The term ‘ecological footprint’ is also relevant here. An ecological footprint refers to a measurement of the area of land or water required to provide a person (or society) with the energy, food, and other resources they consume and render the waste they produce harmless. Using this assessment, it is possible to estimate how much of the Earth (or how many planet Earths) it would take to support humanity if everybody lived a given lifestyle (and consumption rate). While the term ecological footprint is widely used, methods of its measurement vary. You can calculate your own personal ecological footprint on the website Ecological footprint calculator - ClimateHero .
One pessimistic scenario produced in 1972 by the Limits to Growth scientists of the Club of Rome stated that human demand for resources would exceed nature’s supply from the 1980s onwards, ‘overshooting’ it by 20% by the end of that century. Were they correct? Some have developed this idea by suggesting that each year should have an ‘Earth Overshoot Day’ – the day when the productive capacity of the planet has been used up for that calendar year. In 2000 it was 1st November; in 2023 it is 27th July. One over-riding view of the link between sustainability and carrying capacity is that it perhaps seems pessimistic.
Sustainability in urban areas.
Curiously, only one of SDGs has the word sustainable in its title: Target 11: Sustainable cities and communities.
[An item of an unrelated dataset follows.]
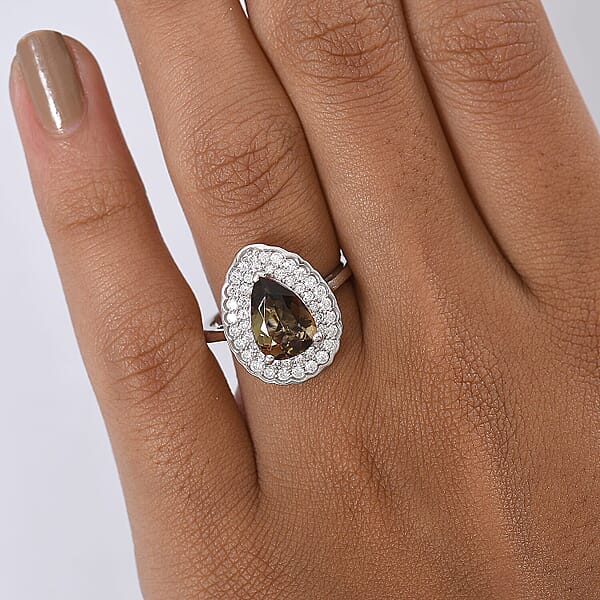 D'Joy Premium Jenipapo Andalusite And Moissanite 2.30 Ctw Ring In Rhodium Over Sterling Silver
The UN states in its introduction to this goal: ‘Balancing the immediate needs of today without compromising the needs of tomorrow is at the heart of being a sustainable city.’ This is a clear throwback to the original Bruntland definition in 1987.
The World Economic Forum (WEF) uses three ‘pillars’ to rank 100 global cities in terms of their sustainability. They are:
The people pillar: this is based on indicators of health (life expectancy and obesity), education (literacy and quality of universities) income equality, work life balance, dependency ratio, crime, housing and living costs. They are said to capture the quality of life within a city.
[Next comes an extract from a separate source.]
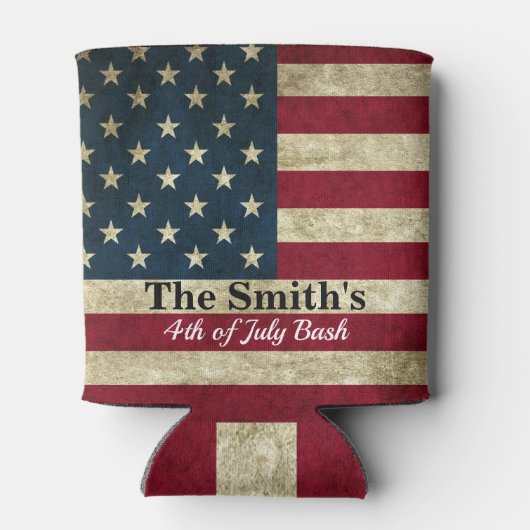 Gepersonaliseerde  Rustische Amerikaanse vlag Blikjeskoeler (Achterkant)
The planet pillar: this ranks cities in terms of their energy consumption and renewable energy share, green space within cities, recycling and composting rates, greenhouse gas emissions, their risk of natural catastrophe, drinking water quality, sanitation quality and air pollution. They are said to capture ‘green factors’ in a city.
The profit pillar: this examines performance of a city from a business perspective, combining pressures of transport infrastructure (rail, air, and traffic congestion), ease of doing business, tourism, GDP per capita, the city’s importance in global economic networks, connectivity in terms of mobile and broadband access and employment rates. They capture the city’s ‘economic health’.
Based on these indicators WEF identified the top ten sustainable cities in 2016. They were, in order of sustainability: Zurich, Singapore, Stockholm, Vienna, London, Frankfurt, Seoul, Hamburg, Prague and Munich. They have not been updated since.
Conclusion
When considering the notion of sustainability, and referring to the Bruntland Report definition given earlier, perhaps we should ask three questions:
(1) What are the ‘needs of the present’?
(2) Is it possible to meet these needs today?
(3) Will it still be possible to meet these needs in the future?
The most likely answer to the final question is ‘no’. Countries, urban areas, and people will always consume non-renewable resources, pollute the environment and embody risk, despite our best efforts to avoid them. Perhaps once there is a recognition that we cannot, and will never, become wholly sustainable, attention can focus instead on ways to make our world more sustainable than it is at present – which is perhaps a more positive outcome to aim for?